# 154C connector



## WestCelt (Dec 14, 2010)

I have a road crossing light which I recently had rewired. Afterwards it seemed to work and the lights would flash back and forth when the train rolled over the switch. I now find that the right light goes on and stays on and only the left switch light flickers. curiously another light works just the opposite and the left light is always on and the right flickers off and on. There use to be what looked like masking tape on the under side of the switch but that is all gone now. Can someone explain the mechanics of how the light works and why it doesn't work now? And could someone tell me how to make the lights flash back and forth more like they do in real life instead of just a flicker-flicker?

Thanks in advance. 

Rolandhwell:


----------



## Massey (Apr 16, 2011)

Well first off did you rewire it correctly? did you get the logic board too hot when rewiring it? and not only that we dont know which crossing this is, there are prolly hundreds that have been sold over the years so we would need to know what brand and how the thing is hooked up to help.

Massey


----------



## Big Ed (Jun 16, 2009)

Massey said:


> Well first off did you rewire it correctly? did you get the logic board too hot when rewiring it? and not only that we dont know which crossing this is, there are prolly hundreds that have been sold over the years so we would need to know what brand and how the thing is hooked up to help.
> 
> Massey



I am guessing Lionel #252?


----------



## Massey (Apr 16, 2011)

Your guess is as good as mine Ed I dont even know what scale this guy is working with here. If it is Lionel stuff I will leave that to the ones that are more versed in it than I. I have only repaired and cleaned a couple of Lionel and they were newer models not the older stuff.

Massey


----------



## Big Ed (Jun 16, 2009)

154 contact connector?

Do you mean 153?

What did you rewire?

First tell us the number of the crossing gate, the 252 works off of a single light bulb and "reflects" the light to the red domes on the crossing, off what is called a lucite bar.

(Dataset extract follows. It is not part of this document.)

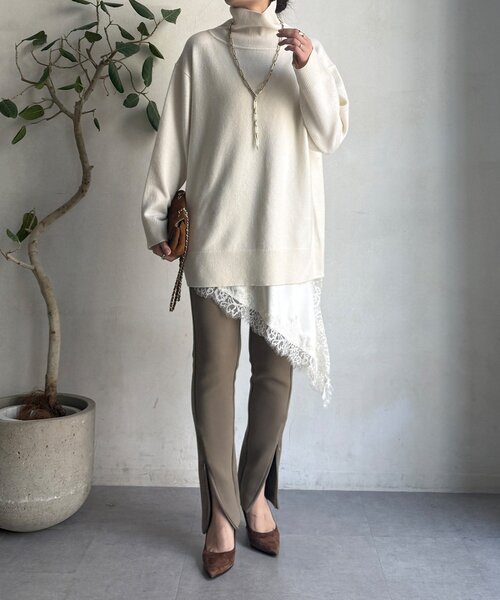 DouDou(ドゥドゥ)の「ウール混タートルチュニック(ニット/セーター・レディース・グレー/オフホワイト/ブルー・FREE)」の18枚目の写真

I guess your talking about a different crossing.


----------



## Big Ed (Jun 16, 2009)

Massey said:


> Your guess is as good as mine Ed I dont even know what scale this guy is working with here. If it is Lionel stuff I will leave that to the ones that are more versed in it than I. I have only repaired and cleaned a couple of Lionel and they were newer models not the older stuff.
> 
> Massey



Yes it must be a fast track crossing. The #252 really does not have any wiring except to hook it up.
I know nothing about fast track gunrunner should know.


----------



## Massey (Apr 16, 2011)

Of the Lionel engines I have repaired one was a siezed motor which I ordered a new one from Lionel and installed just like the factory and the other engine was all torn apart and the guy that did it didnt know how to put it back together. It was in a box full of this and that most of it was not part of the train. Both engines were newer plastic bodies and 3 rail O.

Massey


----------



## gunrunnerjohn (Nov 10, 2010)

The best way to get the lights blinking is to use an electronic flashing circuit. You won't get that effect from the #154 track adapter.


----------



## NIMT (Jan 6, 2011)

Roland,
The 154C connector is a reed pressure switch. The switch is a contact surface that the wheels of the train cause a contact with the rail powering the light. It sounds like one of the contacts is bent or out of adjustment or possibly dirty. You will notice that the inside of contact plate of the 154C Contactors has a layer of insulating paper. This layer keeps the electrical circuit normally open. Whenever a car truck passes over the contactor the circuit is completed through the car wheels and the fIagman operates. Keep top of contactor clean. 
Readjust them by carefully bending them to make them the same height off the rails closer the better they will work. The reason your two lights work opposite is that when the signal was rewired it was wired the opposite of the other signal light no harm it will still work.
To get them to flash evenly and all the time when a train is present would require some modern technology like a flasher circuit and a occupancy detector circuit!


----------



## gunrunnerjohn (Nov 10, 2010)

Uhh Sean, that's not it, no reed switch here!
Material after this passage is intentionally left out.